▸ Scraped caption text data

▼

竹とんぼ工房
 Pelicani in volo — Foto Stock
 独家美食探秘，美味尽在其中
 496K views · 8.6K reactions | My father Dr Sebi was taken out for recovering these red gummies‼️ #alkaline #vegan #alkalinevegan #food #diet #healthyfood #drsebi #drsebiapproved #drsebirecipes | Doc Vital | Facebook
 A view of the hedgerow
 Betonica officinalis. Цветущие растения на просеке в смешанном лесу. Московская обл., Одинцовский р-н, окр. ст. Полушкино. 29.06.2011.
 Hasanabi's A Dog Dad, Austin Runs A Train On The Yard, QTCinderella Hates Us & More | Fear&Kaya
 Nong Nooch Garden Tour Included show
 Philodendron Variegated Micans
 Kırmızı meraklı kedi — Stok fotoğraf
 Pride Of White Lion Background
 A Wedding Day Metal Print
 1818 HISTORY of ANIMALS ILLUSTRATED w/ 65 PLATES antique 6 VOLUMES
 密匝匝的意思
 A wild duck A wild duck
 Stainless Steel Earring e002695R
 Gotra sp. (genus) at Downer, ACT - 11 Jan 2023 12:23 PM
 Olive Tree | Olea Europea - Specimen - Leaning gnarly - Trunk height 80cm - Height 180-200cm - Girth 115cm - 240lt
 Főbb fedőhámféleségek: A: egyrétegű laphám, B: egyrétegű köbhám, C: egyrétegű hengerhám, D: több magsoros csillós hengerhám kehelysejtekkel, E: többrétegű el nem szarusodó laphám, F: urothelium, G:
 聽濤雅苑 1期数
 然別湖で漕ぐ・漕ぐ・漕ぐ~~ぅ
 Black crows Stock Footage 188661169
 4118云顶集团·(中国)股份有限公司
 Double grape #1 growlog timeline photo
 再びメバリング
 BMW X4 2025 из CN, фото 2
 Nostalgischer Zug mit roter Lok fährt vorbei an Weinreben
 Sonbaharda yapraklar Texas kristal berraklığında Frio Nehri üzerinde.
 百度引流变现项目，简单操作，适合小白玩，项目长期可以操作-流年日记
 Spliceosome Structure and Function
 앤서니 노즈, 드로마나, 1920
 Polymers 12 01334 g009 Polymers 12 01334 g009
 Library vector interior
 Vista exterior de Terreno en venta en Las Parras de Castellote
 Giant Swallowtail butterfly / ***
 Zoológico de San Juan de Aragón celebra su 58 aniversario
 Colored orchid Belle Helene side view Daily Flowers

▲

Search the records for the word "Stock" and copy out every line that holds it.

▸ Written solution
 Pelicani in volo — Foto Stock
 Black crows Stock Footage 188661169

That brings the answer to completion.